For decades we’ve been encouraged to evaluate the efficiency of production by focusing on weight weaned per cow. Now some are arguing that the critical measure should really be pounds weaned per acre. But neither measure is very useful. Each is just a different side of the same failed paradigm: increasing production will increase profit. The problem is, whether it is pounds per cow or pounds per acre, increasing production does not necessarily increase profit. The most productive ranch is rarely the most profitable.

A few years ago, in the development of RFP Next Steps, our program to help our graduates apply Ranching For Profit School principles to their ranches, we took a deep dive into this question: If there is only one thing you can measure to determine the efficiency of production, what should it be? We looked at every possibility. We found that, if your goal is increasing profit, the best measure of production efficiency is gross margin per unit. This short video explains why:

The unit we usually use in livestock enterprises is a standard animal unit or an acre.

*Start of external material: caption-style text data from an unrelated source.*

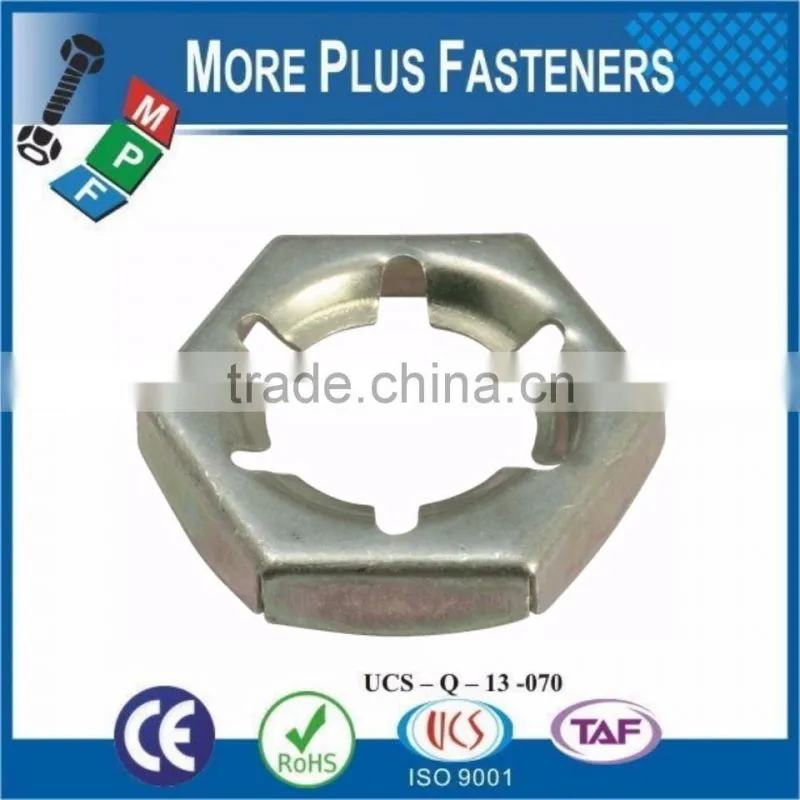 Made in Taiwan Captive Stainless Steel Zinc Plated Hexagonal Self Locking Counter Nuts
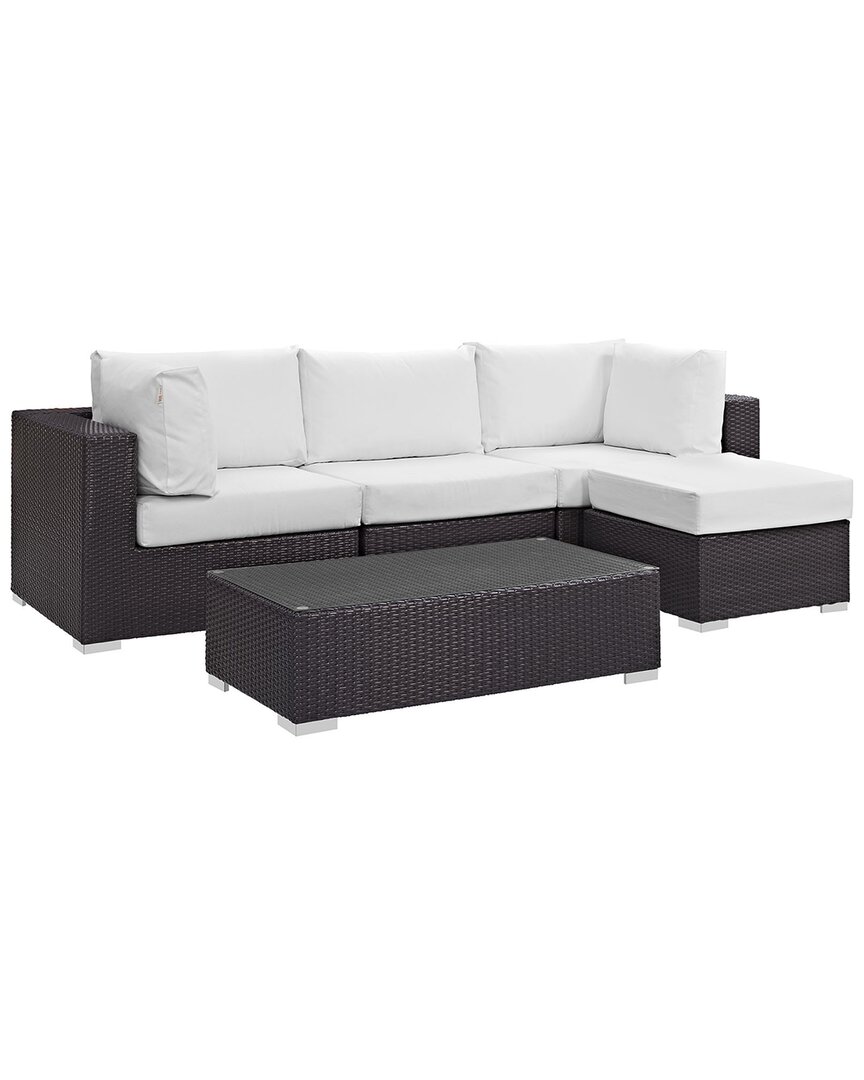 Shop Modway Convene 5-piece Outdoor Patio Sectional Set In Brown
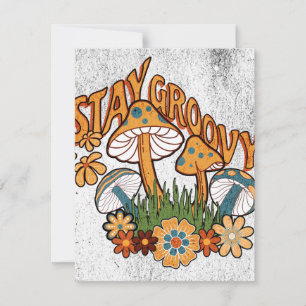 Stay Groovy 60s - Retro Mushrooms & Flowers Holiday Card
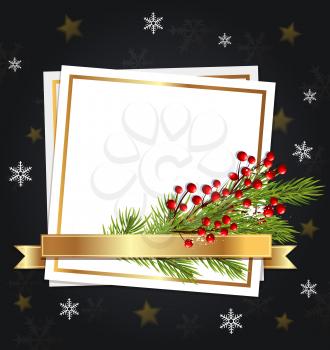 Black Christmas background with fir branch and white sheet of paper. Design for Christmas card.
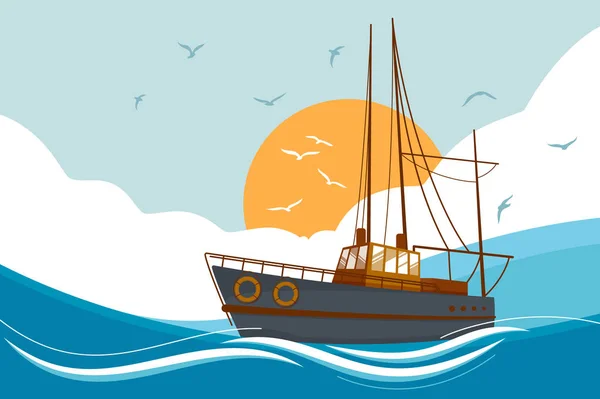 Boot die in zee drijven — Stockvector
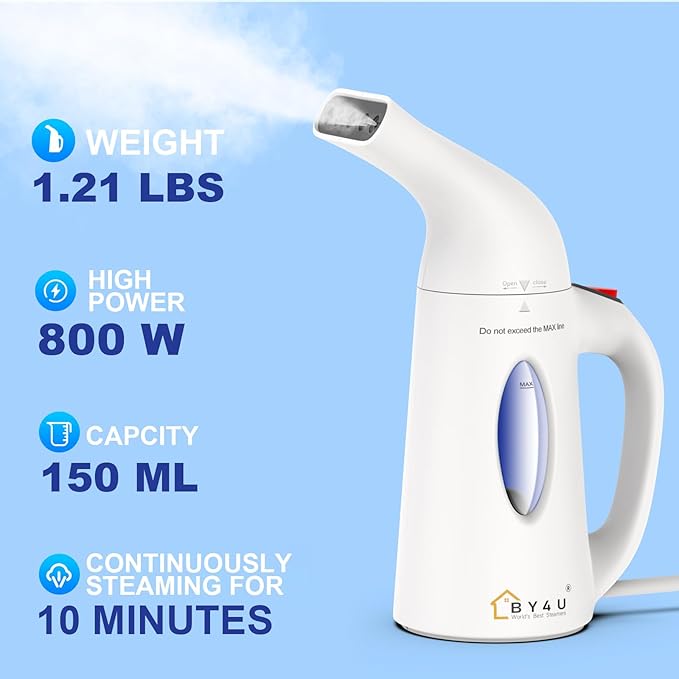 Powerful Travel Steamer for Clothes Handheld Clothing Steamer Handheld Garment Steamer Wrinkle Remover for Home and Travel White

They measure the same thing because a standard animal unit quantifies the energy that an animal needs, and, of course, for grazing animals that energy comes from acres.

The bottom line is that the weight weaned per acre or weight weaned per cow, are two sides of the same failed paradigm. Gross margin per unit is the only production measure that matters! Production measures that don’t include the value of production and the cost of achieving it are meaningless when you are ranching for profit.